:: Collected data
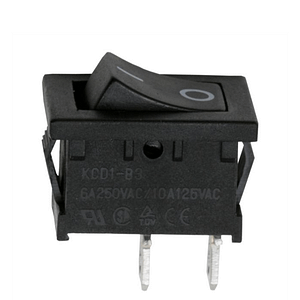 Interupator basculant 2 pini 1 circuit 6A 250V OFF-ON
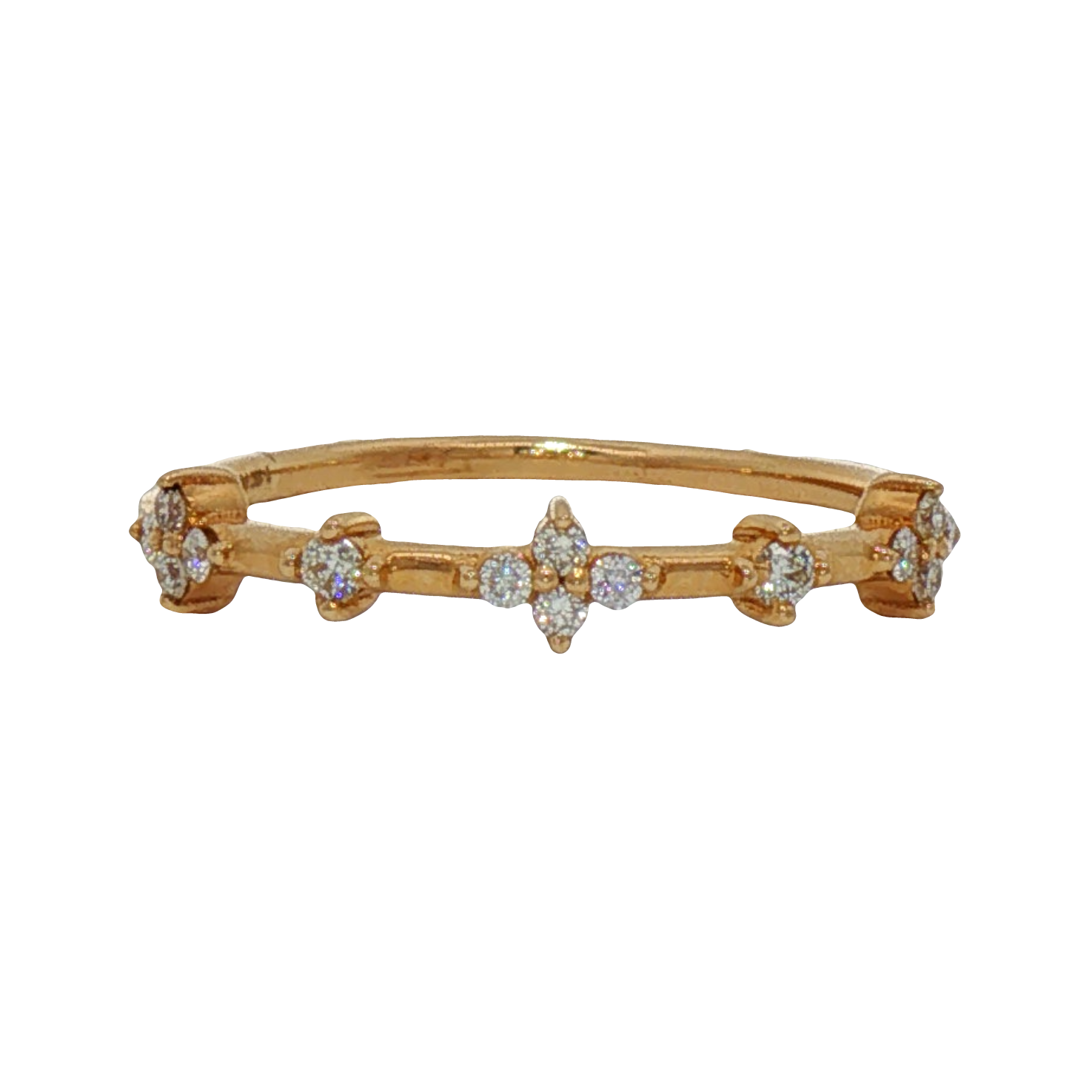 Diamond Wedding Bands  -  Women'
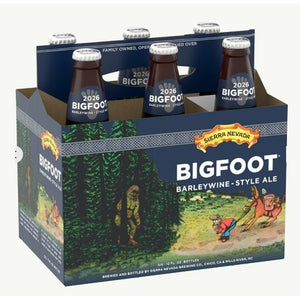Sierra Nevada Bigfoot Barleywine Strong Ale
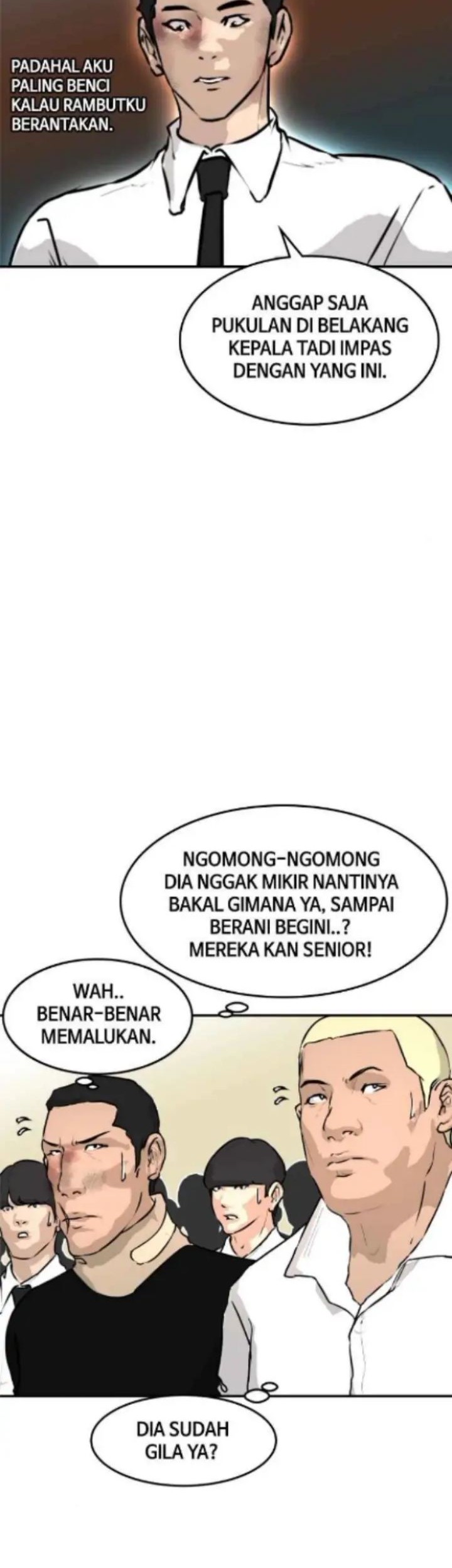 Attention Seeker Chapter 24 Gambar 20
::::
An image-free, exact version of the listing above is required.

Answer below:
 Interupator basculant 2 pini 1 circuit 6A 250V OFF-ON
 Diamond Wedding Bands  -  Women'
Sierra Nevada Bigfoot Barleywine Strong Ale
 Attention Seeker Chapter 24 Gambar 20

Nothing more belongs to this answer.